In many ways, Wright has been the long-established PDC no. 2, the understudy to the main act of Mighty Mike. It may not translate in TV titles but Snakebite has managed to keep up with van Gerwen’s floor dominance over the last 3 or 4 years in a way which Anderson (by virtue of not playing as much in those events) and others haven’t. And this was certainly rewarded in Wright’s to date sole major crown at the 2017 UK Open, when Wright capitalised on the absence of the world number one to break his duck. Since then, though, there have been a few notable changes to the top tier make-up. Rob Cross’ emergence in 2017 and World Championship victory of 2018 has made him a key challenger, and Gary Anderson’s dip in and out of form in the period has often meant the clarity of who is the main contender to MvG hasn’t been strong.
But in his first victory over the world number one on Sunday, Gerwyn Price has well and truly made his claim for the World Championship. He has had a highly impressive year and has excelled in spite of or perhaps even because of his ongoing battle with fans. Alongside his Grand Slam crown is a final at the recent European Championship and last four finishes at the UK Open and Champions League as well as 3 Players Championships and a European Tour title. When the 2019 darts season is micro-analysed by the experts in a couple of months time, I have no doubt that it will be Price’s name, with his new found ubiquitous status and strong results, that frequently comes up in conversation.
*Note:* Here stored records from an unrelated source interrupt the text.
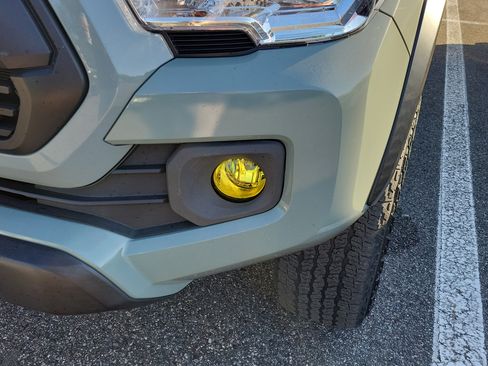 Used 2022 Toyota Tacoma SR5 w/ Trail Edition image 4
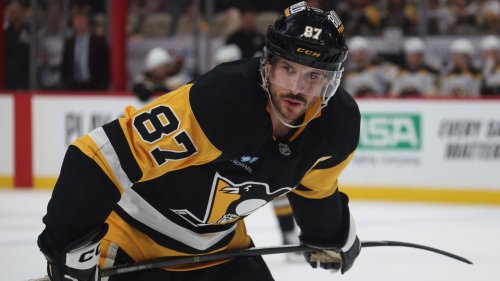 2025 IIHF World Championship: Crosby, Celebrini highlight top standouts from Day 9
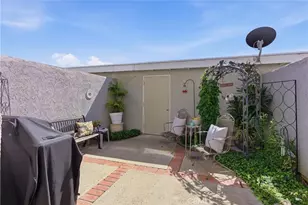 8276 Constantine Dr, Huntington Beach, CA 92646 - Photo 20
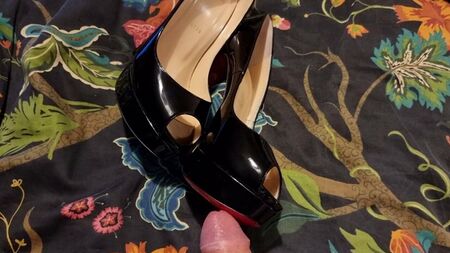 Karımın açık burunlu Louboutin topuklu ayakkabılarının üzerine boşal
It is important, however, to avoid the hyperbole where possible on ‘contenders’ to MvG’s throne. If you look through the dartsweb archives, you will find an an article where I discuss the prospect of the aforementioned Wright becoming the next world number one. I am yet to be proven right on that one and doubt I will be, with over two years later, van Gerwen yet to be budged from his top spot. But despite the article’s seeming lack of relevance now, reading back, a lot of the same arguments could stand if you replaced Wright’s name with that of the Welshman. There is one big difference, however. Michael van Gerwen is not enjoying anywhere near the levels of supremacy as he was even when that piece was written and has frequently faced what would have been surprising losses to say the least a few years ago to lesser players, whether that Price in a major semi-final or Ross Smith a few weeks ago at the European Championship.
So where does Gerwyn Price stand in the pecking order? As arguably one of the most open and competitive World Championships for a number of years, the Ally Pally proffers a true test of van Gerwen’s resilience at the top. Don’t be mistaken, the upcoming Worlds aren’t the first time he has faced a credible challenge. Despite being the world’s best player for the last 4 or 5 years, he has won just 3 World Championships and was infamously booted out of the 2018 edition by Rob Cross, someone who still remains a massive and looming threat on the oche. Despite Cross’ equally impressive 2019, there is a reason why the bookies are suggesting Price is the second favourite for the competition. His sheer determination to not let very public battles over his character define his season and creep up the rankings from being merely in the mix to a regular title contender gives him the best hope of preventing a 4th world title for Michael van Gerwen and, perhaps, offering a challenge to his domination on the world circuit in years to come.